Reproduce the lines below verbatim. Pictures are to be omitted.

▶ Information supplied:
_ _ _ _ _

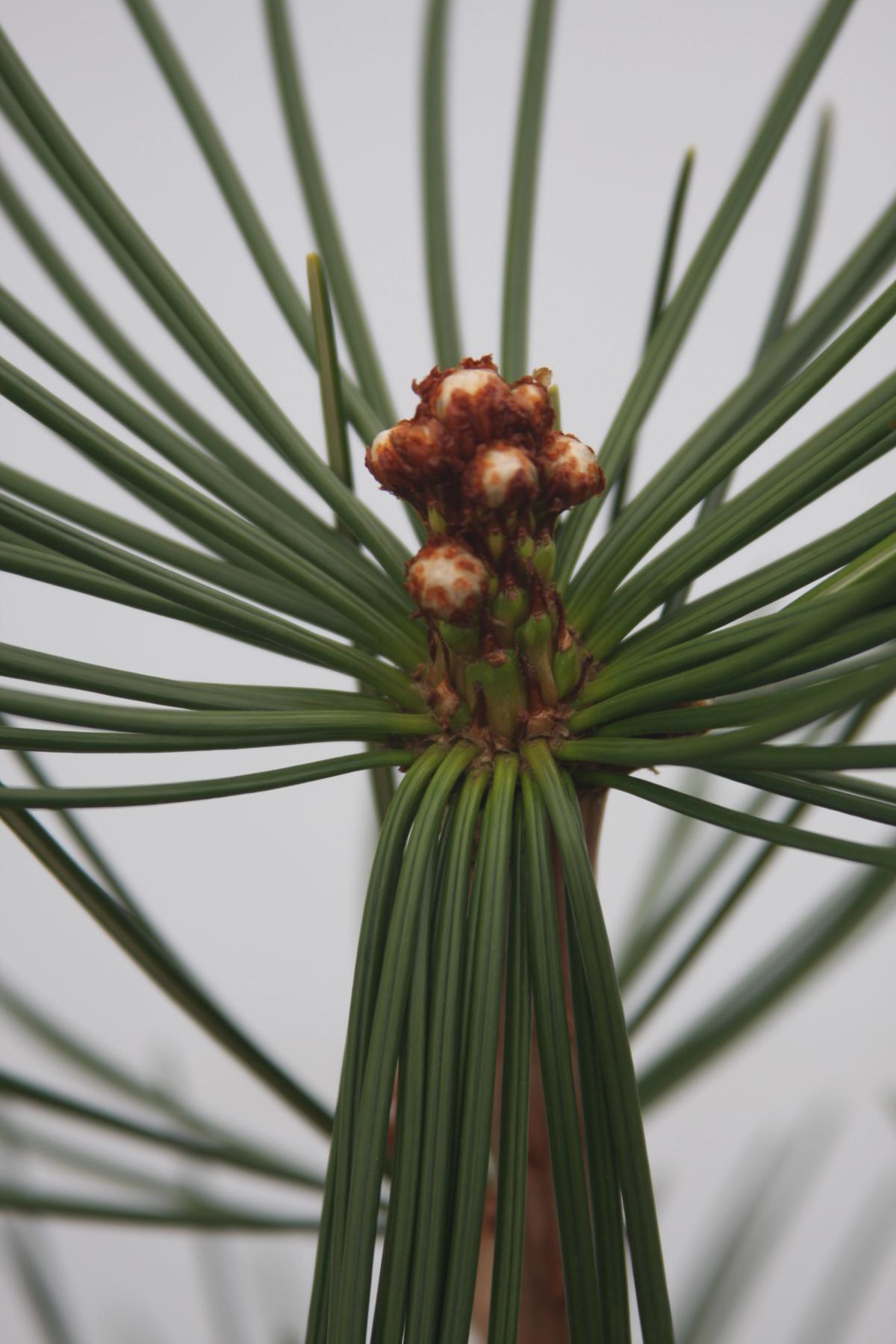 Sciadopitys verticillata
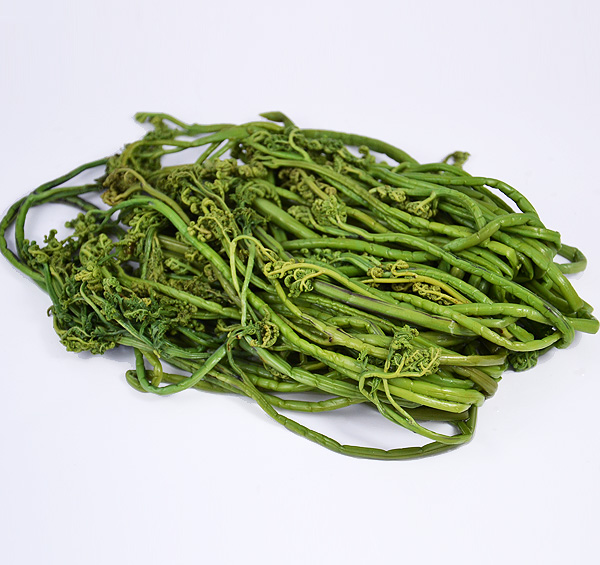绿蕨菜
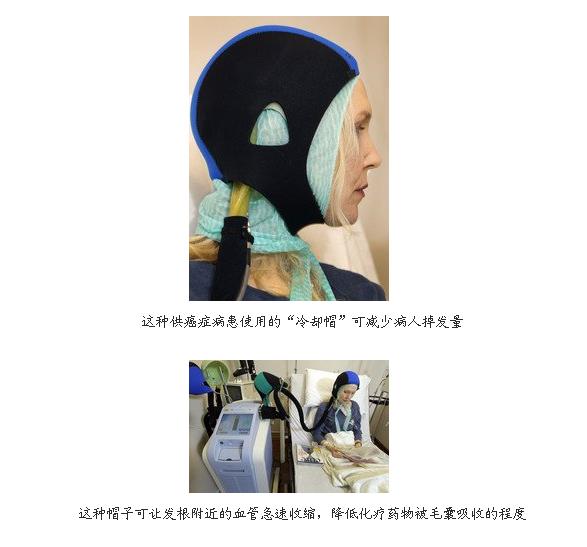 20110129113.jpg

_ _ _ _ _

▶ Response for this exercise:
 Sciadopitys verticillata
绿蕨菜
 20110129113.jpg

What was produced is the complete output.